# [Directions]
Would you return the lines between the one holding "Die Ruhrtalbrücke auf" and the one holding "Pulsera Bolitas. Modelo Lágrimas plateadas", inclusive, and only those, exactly as they stand in the listing below?

# [Given information]
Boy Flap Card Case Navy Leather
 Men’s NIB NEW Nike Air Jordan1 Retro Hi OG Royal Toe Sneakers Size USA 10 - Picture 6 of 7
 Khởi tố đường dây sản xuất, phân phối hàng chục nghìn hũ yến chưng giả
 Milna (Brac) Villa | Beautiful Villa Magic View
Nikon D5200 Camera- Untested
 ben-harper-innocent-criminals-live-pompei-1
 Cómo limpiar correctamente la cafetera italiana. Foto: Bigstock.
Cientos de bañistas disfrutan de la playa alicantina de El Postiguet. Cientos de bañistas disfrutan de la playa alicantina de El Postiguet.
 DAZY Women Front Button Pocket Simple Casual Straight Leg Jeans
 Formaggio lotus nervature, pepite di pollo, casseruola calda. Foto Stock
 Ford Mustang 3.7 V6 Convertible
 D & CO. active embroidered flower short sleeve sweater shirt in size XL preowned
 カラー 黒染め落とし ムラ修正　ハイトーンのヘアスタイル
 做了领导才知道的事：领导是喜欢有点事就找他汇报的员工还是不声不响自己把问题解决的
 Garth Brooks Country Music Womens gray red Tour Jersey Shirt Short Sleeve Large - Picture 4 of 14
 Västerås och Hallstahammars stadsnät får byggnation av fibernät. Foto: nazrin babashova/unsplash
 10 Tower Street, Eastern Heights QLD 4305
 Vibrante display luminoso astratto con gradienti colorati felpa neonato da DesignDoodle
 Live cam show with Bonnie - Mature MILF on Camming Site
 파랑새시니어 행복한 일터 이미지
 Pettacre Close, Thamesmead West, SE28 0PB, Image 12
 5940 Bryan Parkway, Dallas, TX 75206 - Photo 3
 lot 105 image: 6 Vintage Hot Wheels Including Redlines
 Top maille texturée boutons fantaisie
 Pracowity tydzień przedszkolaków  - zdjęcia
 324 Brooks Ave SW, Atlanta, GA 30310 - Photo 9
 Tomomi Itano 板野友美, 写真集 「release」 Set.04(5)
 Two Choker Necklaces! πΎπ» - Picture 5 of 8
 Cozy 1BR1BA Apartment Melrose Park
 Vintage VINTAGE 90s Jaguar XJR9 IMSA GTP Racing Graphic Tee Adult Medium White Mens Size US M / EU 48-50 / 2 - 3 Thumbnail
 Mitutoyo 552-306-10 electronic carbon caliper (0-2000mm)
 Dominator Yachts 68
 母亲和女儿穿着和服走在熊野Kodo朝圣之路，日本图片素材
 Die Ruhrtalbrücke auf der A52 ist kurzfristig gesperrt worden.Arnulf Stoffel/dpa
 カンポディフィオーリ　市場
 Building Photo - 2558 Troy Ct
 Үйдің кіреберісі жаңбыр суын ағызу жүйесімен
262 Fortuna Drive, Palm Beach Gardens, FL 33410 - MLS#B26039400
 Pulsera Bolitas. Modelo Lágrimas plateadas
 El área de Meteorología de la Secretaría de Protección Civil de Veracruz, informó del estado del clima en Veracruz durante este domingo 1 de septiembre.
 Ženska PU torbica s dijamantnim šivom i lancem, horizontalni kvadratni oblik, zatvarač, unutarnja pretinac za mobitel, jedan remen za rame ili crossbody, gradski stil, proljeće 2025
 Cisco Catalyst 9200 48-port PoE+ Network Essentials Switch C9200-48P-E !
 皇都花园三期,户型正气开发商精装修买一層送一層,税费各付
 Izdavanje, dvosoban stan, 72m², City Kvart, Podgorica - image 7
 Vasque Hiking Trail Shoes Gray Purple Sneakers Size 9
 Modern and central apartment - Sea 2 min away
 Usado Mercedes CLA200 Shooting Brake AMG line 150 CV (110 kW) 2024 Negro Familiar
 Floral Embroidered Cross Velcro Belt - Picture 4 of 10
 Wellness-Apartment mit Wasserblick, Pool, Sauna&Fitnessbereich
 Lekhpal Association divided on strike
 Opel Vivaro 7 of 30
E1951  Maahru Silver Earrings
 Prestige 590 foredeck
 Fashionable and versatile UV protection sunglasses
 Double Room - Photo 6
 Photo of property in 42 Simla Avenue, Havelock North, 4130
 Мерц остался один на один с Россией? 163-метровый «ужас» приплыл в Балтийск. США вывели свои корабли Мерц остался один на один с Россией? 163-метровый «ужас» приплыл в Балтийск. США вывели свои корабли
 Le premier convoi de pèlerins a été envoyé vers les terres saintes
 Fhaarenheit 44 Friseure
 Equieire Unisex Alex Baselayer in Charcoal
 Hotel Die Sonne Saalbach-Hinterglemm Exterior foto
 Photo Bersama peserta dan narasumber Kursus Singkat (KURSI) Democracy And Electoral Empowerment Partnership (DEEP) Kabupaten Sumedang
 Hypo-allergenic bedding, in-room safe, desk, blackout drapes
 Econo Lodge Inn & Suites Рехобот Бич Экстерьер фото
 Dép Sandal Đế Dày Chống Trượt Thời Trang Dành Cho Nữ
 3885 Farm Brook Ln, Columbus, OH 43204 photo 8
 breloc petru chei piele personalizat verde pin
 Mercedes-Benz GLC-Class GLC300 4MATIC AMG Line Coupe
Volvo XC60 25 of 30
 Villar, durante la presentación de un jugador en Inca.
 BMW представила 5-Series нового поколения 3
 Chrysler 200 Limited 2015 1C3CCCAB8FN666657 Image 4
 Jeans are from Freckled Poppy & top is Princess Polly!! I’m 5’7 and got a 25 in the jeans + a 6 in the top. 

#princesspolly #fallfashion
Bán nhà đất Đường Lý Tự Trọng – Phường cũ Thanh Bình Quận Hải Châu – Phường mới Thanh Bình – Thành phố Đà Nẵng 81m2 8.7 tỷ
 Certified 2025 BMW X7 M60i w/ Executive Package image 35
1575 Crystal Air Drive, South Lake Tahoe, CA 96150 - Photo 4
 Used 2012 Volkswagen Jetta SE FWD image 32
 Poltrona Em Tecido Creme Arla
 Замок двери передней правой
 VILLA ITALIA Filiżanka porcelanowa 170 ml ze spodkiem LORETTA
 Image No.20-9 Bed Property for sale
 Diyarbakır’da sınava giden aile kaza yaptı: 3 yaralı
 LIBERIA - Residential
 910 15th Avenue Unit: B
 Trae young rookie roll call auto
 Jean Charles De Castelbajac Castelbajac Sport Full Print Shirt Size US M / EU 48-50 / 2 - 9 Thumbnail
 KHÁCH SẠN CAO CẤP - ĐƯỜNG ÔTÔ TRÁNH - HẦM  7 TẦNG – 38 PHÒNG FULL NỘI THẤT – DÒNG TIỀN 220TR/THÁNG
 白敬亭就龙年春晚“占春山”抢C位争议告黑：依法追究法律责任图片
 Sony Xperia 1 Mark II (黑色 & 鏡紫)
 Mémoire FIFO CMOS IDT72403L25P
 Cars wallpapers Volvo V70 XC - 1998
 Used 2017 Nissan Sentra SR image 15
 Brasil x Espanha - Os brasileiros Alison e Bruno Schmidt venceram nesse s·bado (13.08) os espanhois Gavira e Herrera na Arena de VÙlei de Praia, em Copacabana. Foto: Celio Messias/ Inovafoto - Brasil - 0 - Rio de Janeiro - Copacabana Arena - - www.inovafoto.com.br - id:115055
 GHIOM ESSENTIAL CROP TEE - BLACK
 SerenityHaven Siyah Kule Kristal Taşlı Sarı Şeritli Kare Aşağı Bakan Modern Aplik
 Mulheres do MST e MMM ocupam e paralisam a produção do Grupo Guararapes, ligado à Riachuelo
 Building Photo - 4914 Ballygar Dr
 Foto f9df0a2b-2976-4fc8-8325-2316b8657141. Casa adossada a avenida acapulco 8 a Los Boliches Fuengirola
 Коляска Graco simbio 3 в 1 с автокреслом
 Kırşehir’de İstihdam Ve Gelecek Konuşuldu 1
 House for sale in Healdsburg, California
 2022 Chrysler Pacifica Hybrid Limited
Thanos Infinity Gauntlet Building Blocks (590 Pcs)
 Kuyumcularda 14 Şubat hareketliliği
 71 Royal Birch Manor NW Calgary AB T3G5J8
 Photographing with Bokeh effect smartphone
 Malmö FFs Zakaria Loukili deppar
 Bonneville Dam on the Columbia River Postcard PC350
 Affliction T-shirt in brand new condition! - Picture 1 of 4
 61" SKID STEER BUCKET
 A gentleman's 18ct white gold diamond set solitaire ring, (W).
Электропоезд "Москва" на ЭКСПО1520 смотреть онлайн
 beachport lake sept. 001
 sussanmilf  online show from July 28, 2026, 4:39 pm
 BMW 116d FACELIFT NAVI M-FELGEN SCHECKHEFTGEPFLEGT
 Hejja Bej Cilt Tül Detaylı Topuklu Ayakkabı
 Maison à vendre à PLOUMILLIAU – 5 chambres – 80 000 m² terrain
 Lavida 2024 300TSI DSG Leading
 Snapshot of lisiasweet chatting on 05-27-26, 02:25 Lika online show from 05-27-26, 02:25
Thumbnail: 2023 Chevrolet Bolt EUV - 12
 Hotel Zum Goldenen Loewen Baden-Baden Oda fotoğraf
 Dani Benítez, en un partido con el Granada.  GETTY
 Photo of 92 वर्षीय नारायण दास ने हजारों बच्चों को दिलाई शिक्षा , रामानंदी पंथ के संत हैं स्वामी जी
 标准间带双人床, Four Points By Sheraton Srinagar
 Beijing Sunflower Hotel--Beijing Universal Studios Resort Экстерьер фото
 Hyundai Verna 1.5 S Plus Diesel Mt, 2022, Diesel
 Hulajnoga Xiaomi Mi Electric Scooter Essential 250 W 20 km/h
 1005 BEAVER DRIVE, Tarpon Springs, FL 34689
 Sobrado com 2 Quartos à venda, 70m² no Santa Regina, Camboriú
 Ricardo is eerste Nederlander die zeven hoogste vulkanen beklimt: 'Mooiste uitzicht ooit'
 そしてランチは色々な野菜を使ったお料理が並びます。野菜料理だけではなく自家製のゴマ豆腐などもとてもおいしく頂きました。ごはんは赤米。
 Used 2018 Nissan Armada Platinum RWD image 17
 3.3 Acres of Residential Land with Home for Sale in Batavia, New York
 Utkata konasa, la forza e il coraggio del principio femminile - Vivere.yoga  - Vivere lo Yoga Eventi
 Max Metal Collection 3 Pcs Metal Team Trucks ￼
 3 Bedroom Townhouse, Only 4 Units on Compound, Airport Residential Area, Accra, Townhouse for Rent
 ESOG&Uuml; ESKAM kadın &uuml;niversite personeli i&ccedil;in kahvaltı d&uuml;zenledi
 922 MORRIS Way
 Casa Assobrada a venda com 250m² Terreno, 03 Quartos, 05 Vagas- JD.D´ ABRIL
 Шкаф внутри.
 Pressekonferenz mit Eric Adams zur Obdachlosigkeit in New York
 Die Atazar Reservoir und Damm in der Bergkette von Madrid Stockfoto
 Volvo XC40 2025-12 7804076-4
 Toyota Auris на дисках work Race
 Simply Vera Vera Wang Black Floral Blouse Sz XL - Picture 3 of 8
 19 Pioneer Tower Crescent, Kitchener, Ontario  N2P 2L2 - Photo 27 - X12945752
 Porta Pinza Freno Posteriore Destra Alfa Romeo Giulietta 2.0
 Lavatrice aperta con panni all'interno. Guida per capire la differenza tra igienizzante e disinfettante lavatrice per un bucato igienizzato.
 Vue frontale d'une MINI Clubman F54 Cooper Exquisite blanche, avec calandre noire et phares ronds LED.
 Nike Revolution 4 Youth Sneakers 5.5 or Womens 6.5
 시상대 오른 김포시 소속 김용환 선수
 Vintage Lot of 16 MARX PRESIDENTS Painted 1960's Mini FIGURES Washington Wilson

# [Response area]
 Die Ruhrtalbrücke auf der A52 ist kurzfristig gesperrt worden.Arnulf Stoffel/dpa
 カンポディフィオーリ　市場
 Building Photo - 2558 Troy Ct
 Үйдің кіреберісі жаңбыр суын ағызу жүйесімен
262 Fortuna Drive, Palm Beach Gardens, FL 33410 - MLS#B26039400
 Pulsera Bolitas. Modelo Lágrimas plateadas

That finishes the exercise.